WHAT THE TASK REQUIRES
Excluding pictures, give the entries again exactly as they appear.

SOURCE DATA
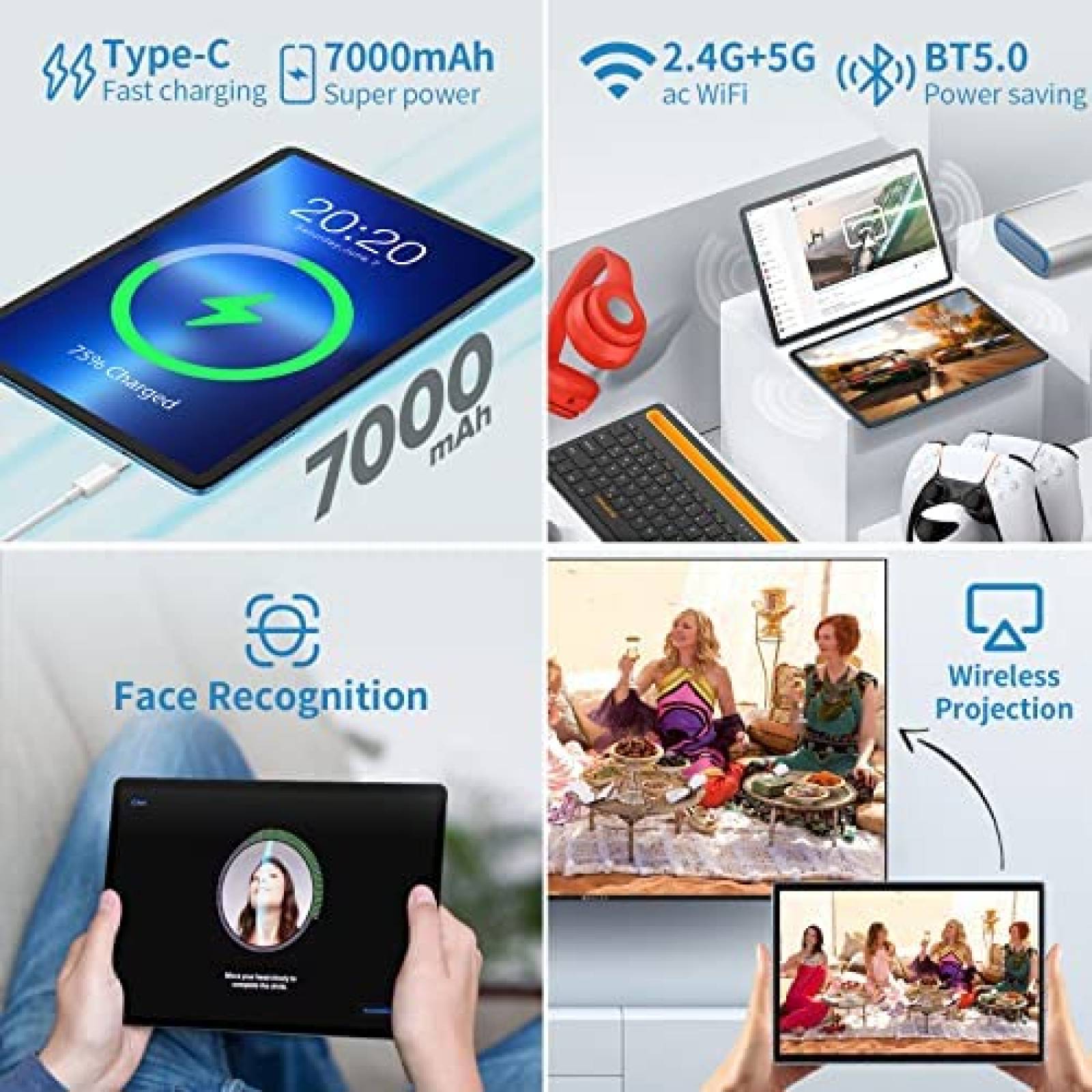 Tablet TECLAST M40Plus 10'' OctaCore 8GB 128GB -Azul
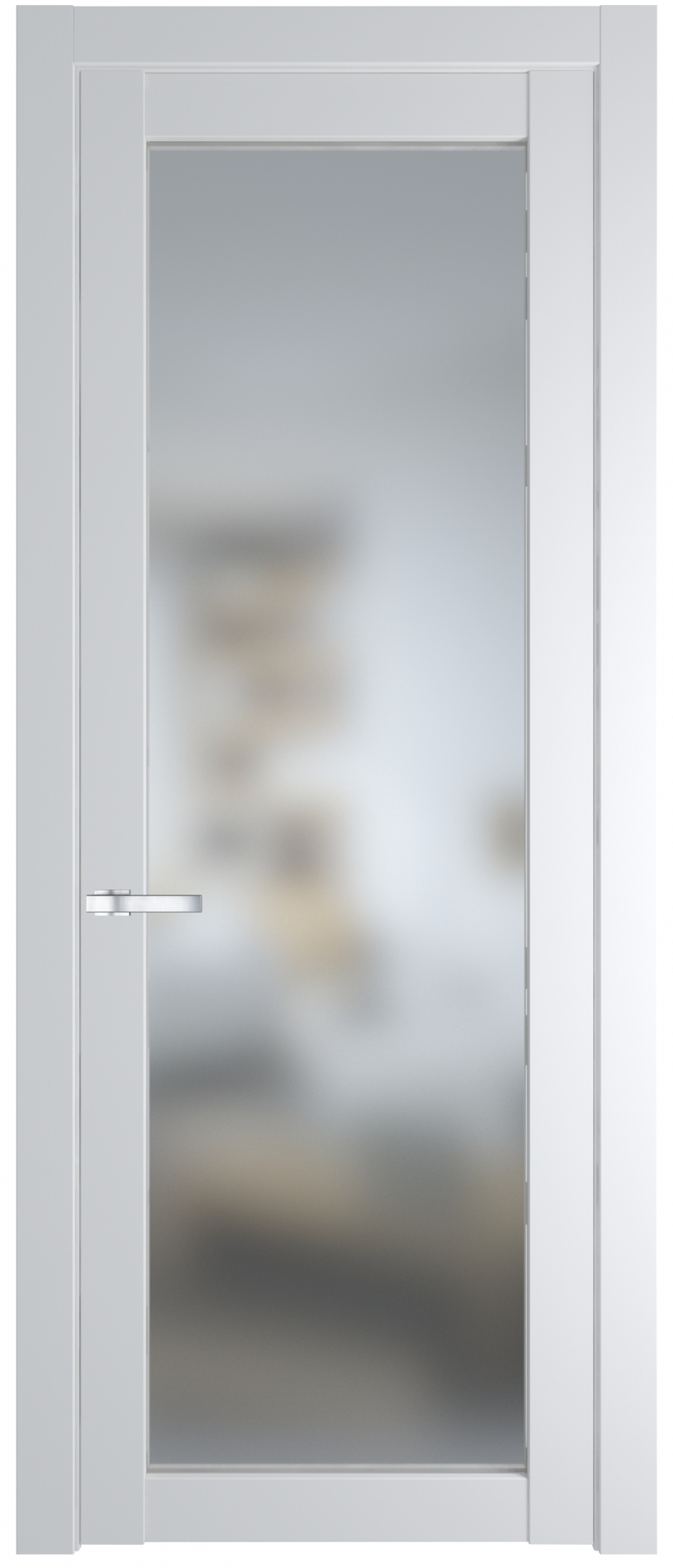 межкомнатные двери  Profil Doors 2.1.2 PD со стеклом крем вайт
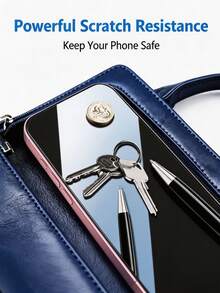 3片裝透明保護殼友善強化玻璃全螢幕保護貼，手機配件，相容 iPhone 15 15 Pro 15 Plus 15 Pro Max 16 16 Plus 16 Pro Max 17 17 Air 17 Pro 17 Pro Max，日常使用 - 無色 - 查看 6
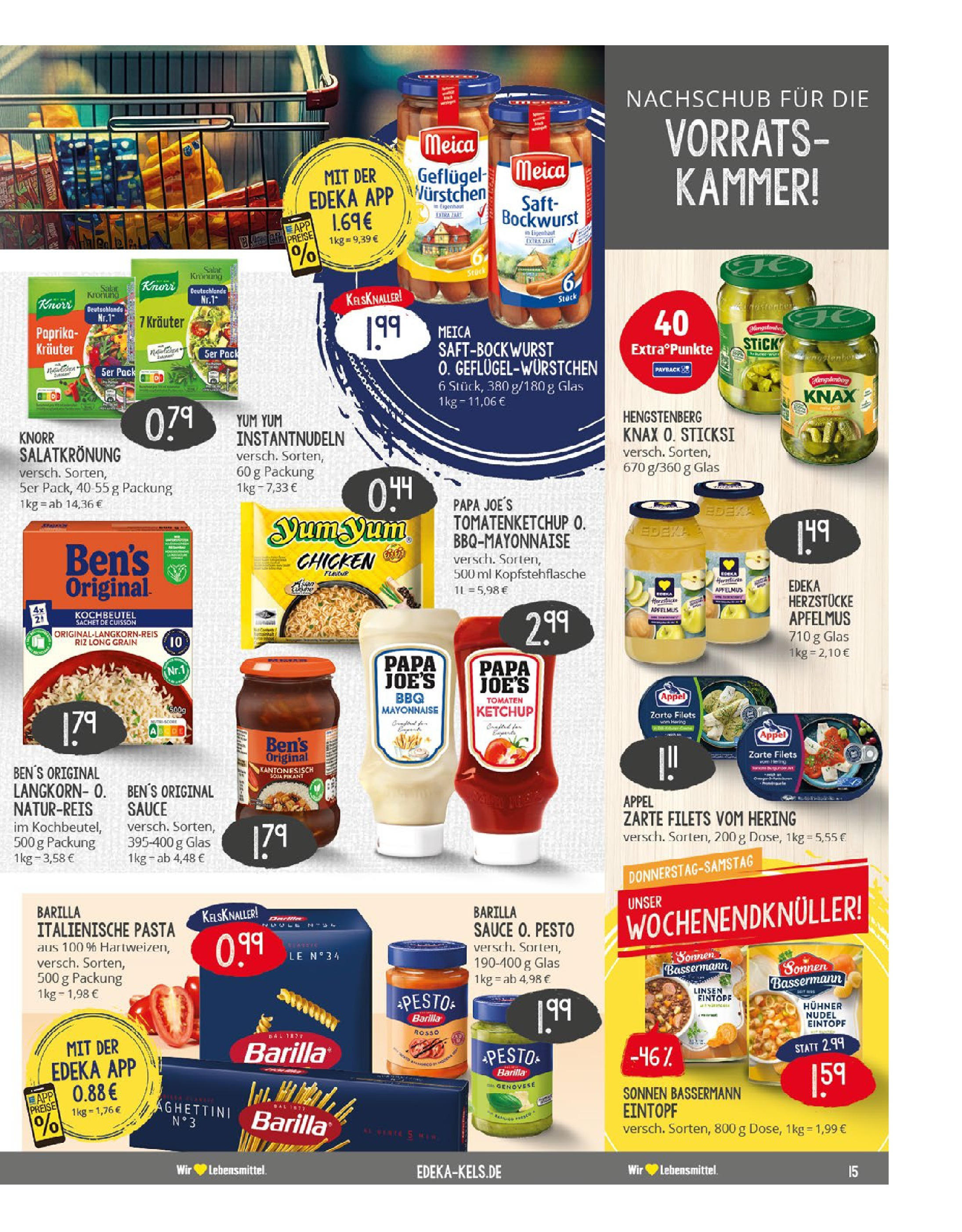 Edeka prospekt Mülheim A. D. Ruhr	 (ab 27.07.2025) » Angebote Online | Seite: 15 | Produkte: Tomaten, Apple, Paprika, Pasta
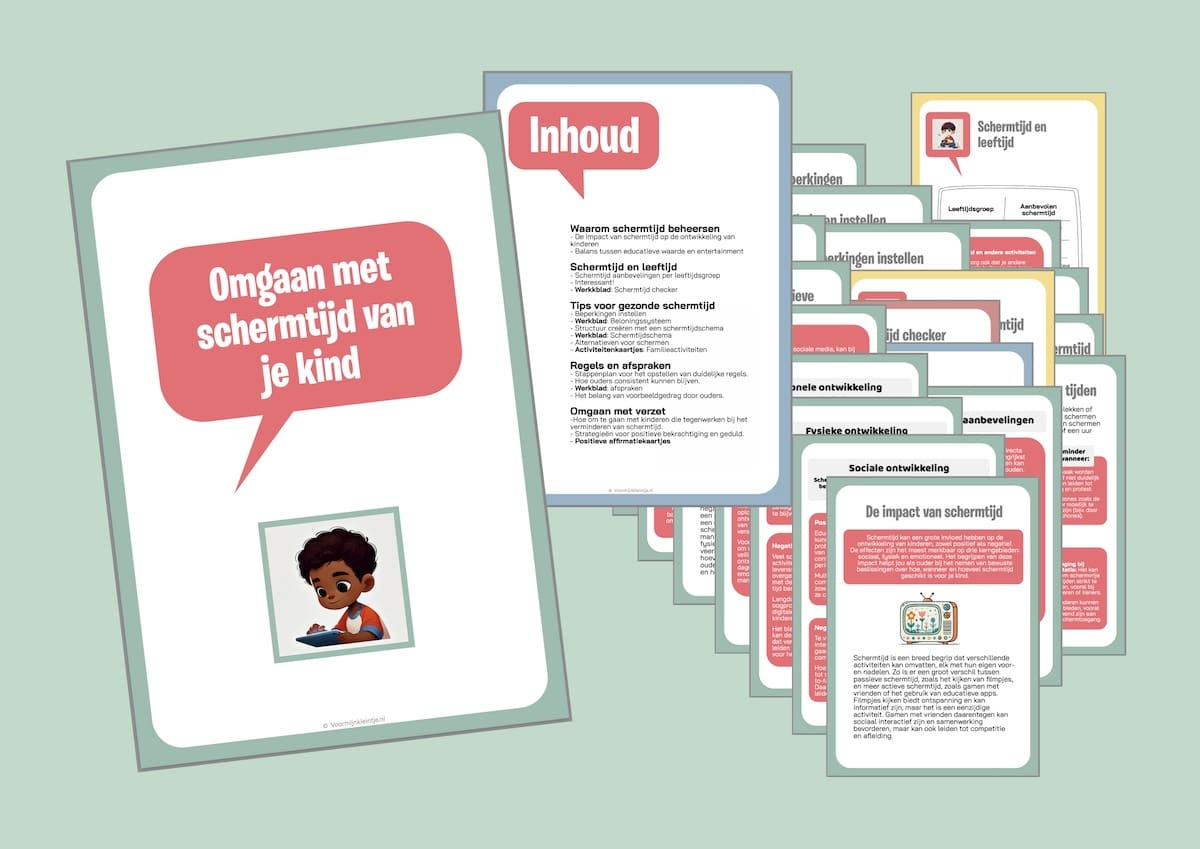 Omgaan met schermtijd van je kind, inclusief handige werkbladen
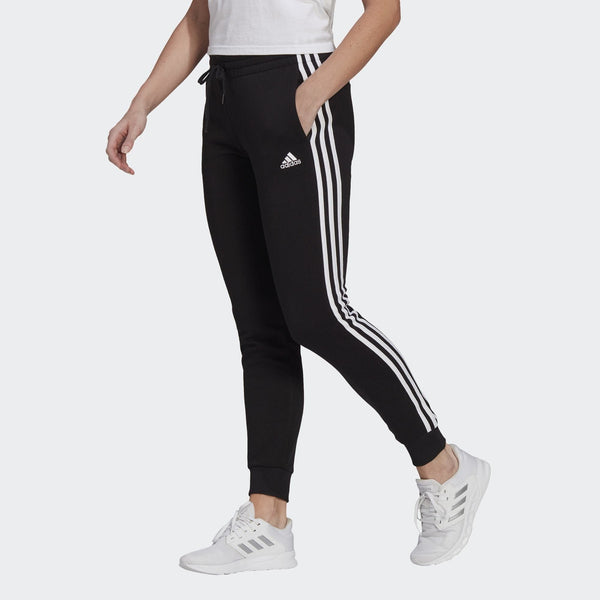 Adidas Women's Slim 3 Stripe Fleece Cuff Pant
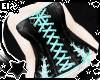 . black cyan corset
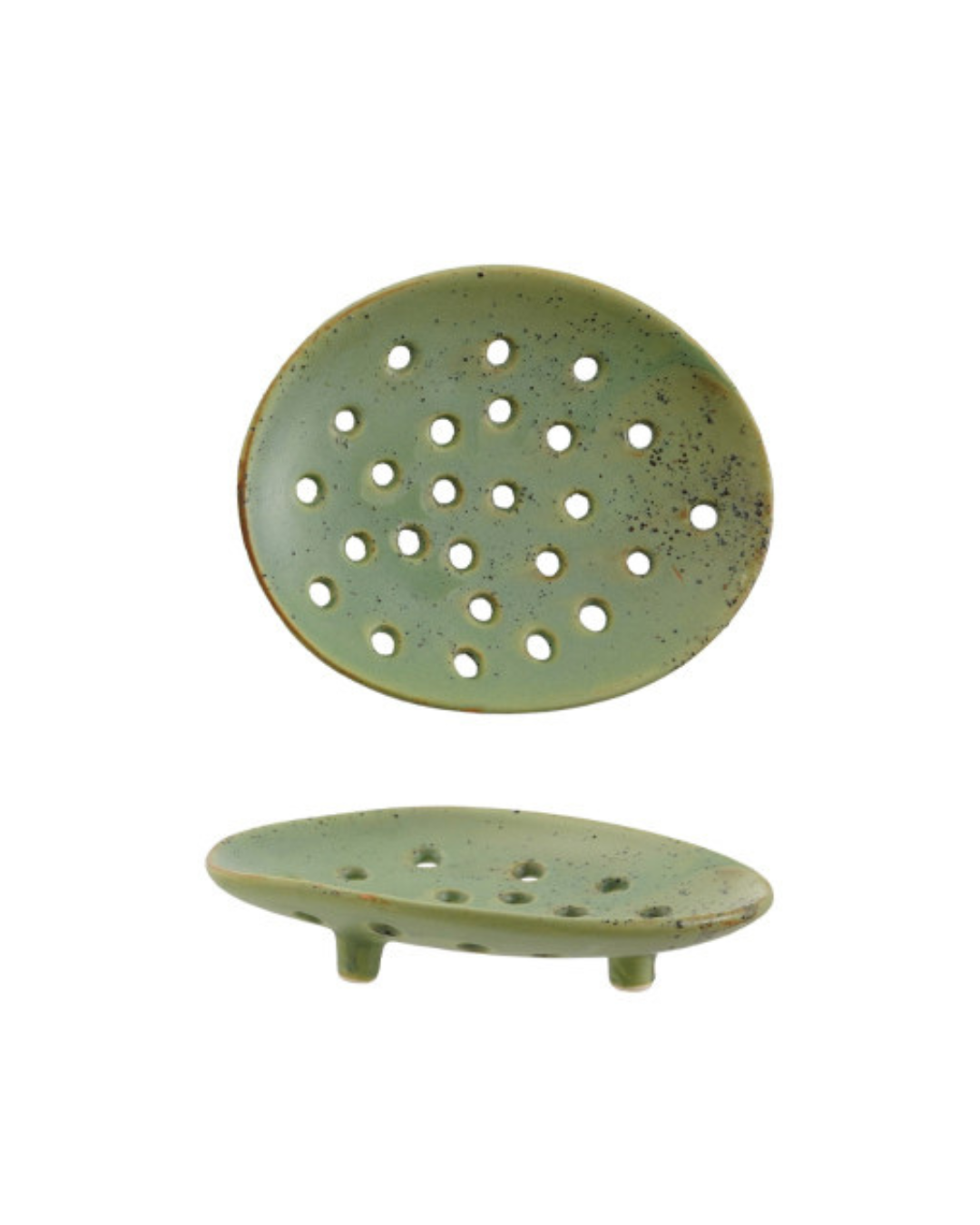 Stoneware Footed Soap Dish, 4 Colors / Jabonera con soporte de cerámica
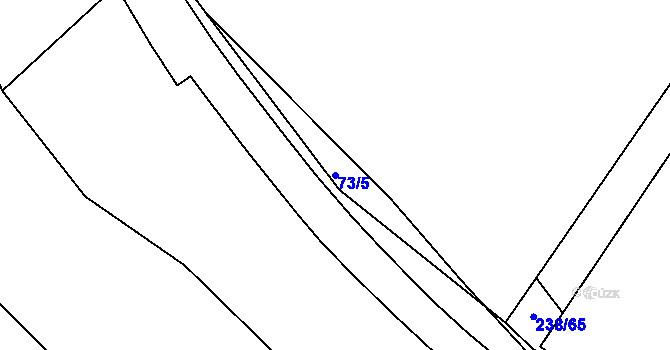 Parcela st. 73/5 v KÚ Adamov, Katastrální mapa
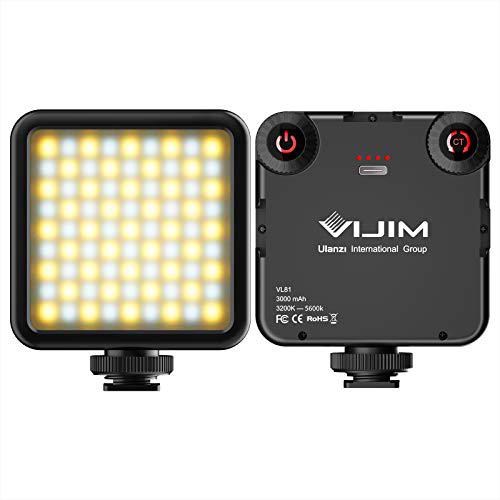 VIJIM VL81 Luz de vídeo LED Ultra Luminosa, 81 LED Regulables en la luz de la cámara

ANSWER TO THIS PROBLEM
 Tablet TECLAST M40Plus 10'' OctaCore 8GB 128GB -Azul
 межкомнатные двери  Profil Doors 2.1.2 PD со стеклом крем вайт
 3片裝透明保護殼友善強化玻璃全螢幕保護貼，手機配件，相容 iPhone 15 15 Pro 15 Plus 15 Pro Max 16 16 Plus 16 Pro Max 17 17 Air 17 Pro 17 Pro Max，日常使用 - 無色 - 查看 6
 Edeka prospekt Mülheim A. D. Ruhr	 (ab 27.07.2025) » Angebote Online | Seite: 15 | Produkte: Tomaten, Apple, Paprika, Pasta
 Omgaan met schermtijd van je kind, inclusief handige werkbladen
 Adidas Women's Slim 3 Stripe Fleece Cuff Pant
 . black cyan corset
 Stoneware Footed Soap Dish, 4 Colors / Jabonera con soporte de cerámica
 Parcela st. 73/5 v KÚ Adamov, Katastrální mapa
 VIJIM VL81 Luz de vídeo LED Ultra Luminosa, 81 LED Regulables en la luz de la cámara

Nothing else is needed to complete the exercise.